Wow two excellent posts in a row. Thanks Darrin and Swamster:thumbs_up You don't pick a pro sports career because youre an introvert.

Curious though, that the guy that doesn't get IT is the head of the org


----------



## shmook (Dec 14, 2004)

Did anyone notice the reaction of the crowd when Braden missed his arrow? I thought that wasn't polite by the crowd. If I was Braden that would have made me just shrink. It was good by Braden to put his final arrow right dead center though.


----------



## Grnmtn (Feb 1, 2003)

Murmers in the crowd... Man you just couldn't help it. The intesity in the room was electric. It would have been interesting to have some gizmos on the crowd to see everyones BP and heart rate were. I was just watching and I was keyed up. We were hanging on every shot and riding the roller coaster with them. I bet they didn't even hear it.

I thought the interviews were really a cool thing. Everyone kind of looked at each other when they anounced they were going to do it. The Guys handled it with class and for some I think it did take a bit of the edge off. Really these guys are pros, and they put it all behind them when they started their shot sequence and shot preparation.

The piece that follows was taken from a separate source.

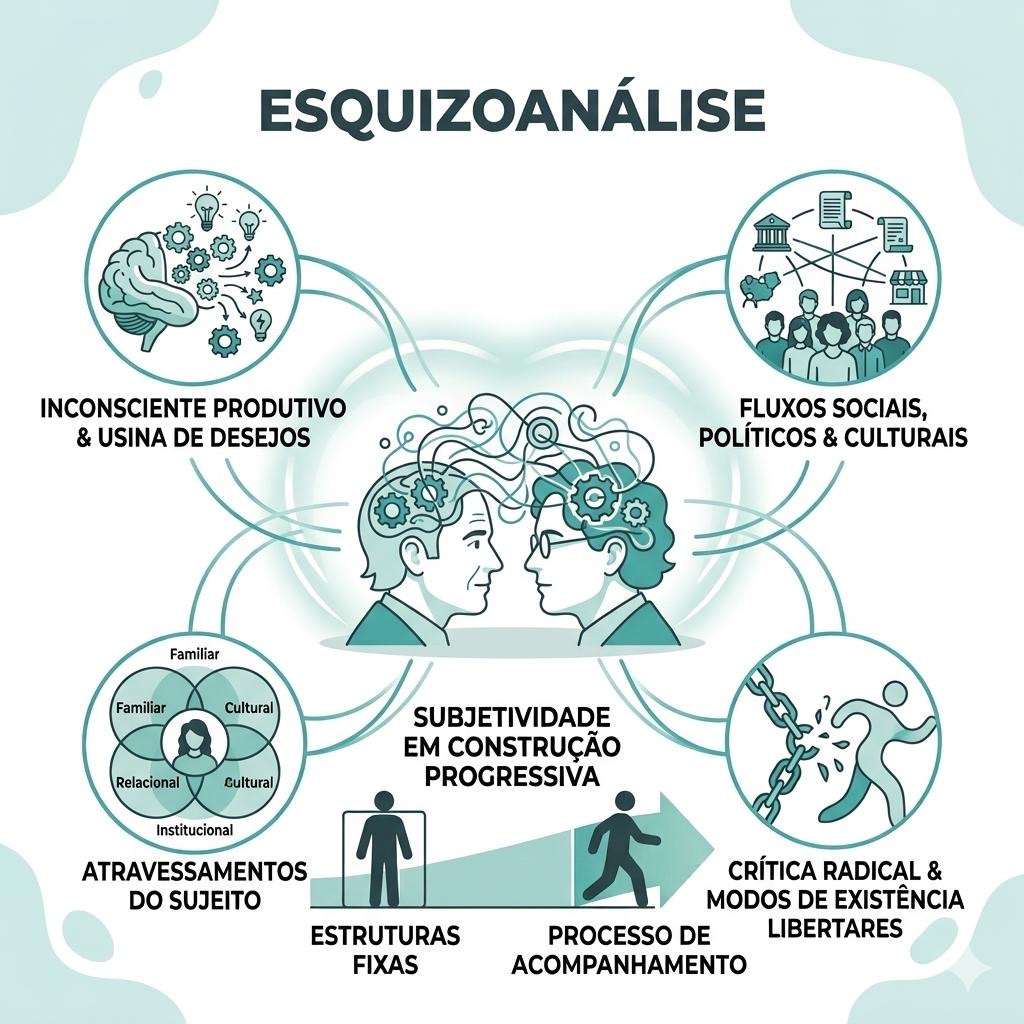 Esquizoanálise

It was really a great experience and look forward to seeing it again!


----------



## The X Moves (Mar 15, 2005)

Comparisons to PGA golf......

The only thing close would be to have 15 or so Tiger Woods in the same tournament.


----------



## xsmasherj (Oct 12, 2005)

2nd time I watched that video...those guys are good!!!


----------



## xshot13b (Mar 1, 2004)

DarrinM,

I get IT just fine I was just trying to get some responses going about putting them on the spot. I understand their pros, not my first rodeo. Basically just trying to get a positive thread going on AT for once but way to step up and turn it into a negative thing. People like you shouldn't post ***Foul language and personal attacks will not be tolerated!***


----------



## cliarcher (Jan 25, 2006)

xshot13b said:


> DarrinM,
> 
> I get IT just fine I was just trying to get some responses going about putting them on the spot. I understand their pros, not my first rodeo. Basically just trying to get a positive thread going on AT for once but way to step up and turn it into a negative thing. People like you shouldn't post *** foul language and personal attacks will not be tolerated ***




looks like someone needs a time out!!!!!!!!!!!


----------



## duckman1958 (Dec 7, 2007)

xshot13b said:


> DarrinM,
> 
> I get IT just fine I was just trying to get some responses going about putting them on the spot. I understand their pros, not my first rodeo. Basically just trying to get a positive thread going on AT for once but way to step up and turn it into a negative thing. People like you shouldn't post ***foul language and personal attacks will not be tolerated***


Dude...relax, really.


----------



## bow slayer (Apr 2, 2007)

I watched that shoot off live!!! yay! thanks for posting the video though


----------



## r49740 (Dec 7, 2006)

I thought the video was great. I appreciate the opportunity to watch it even though I wasn't able to put myself in the position to go.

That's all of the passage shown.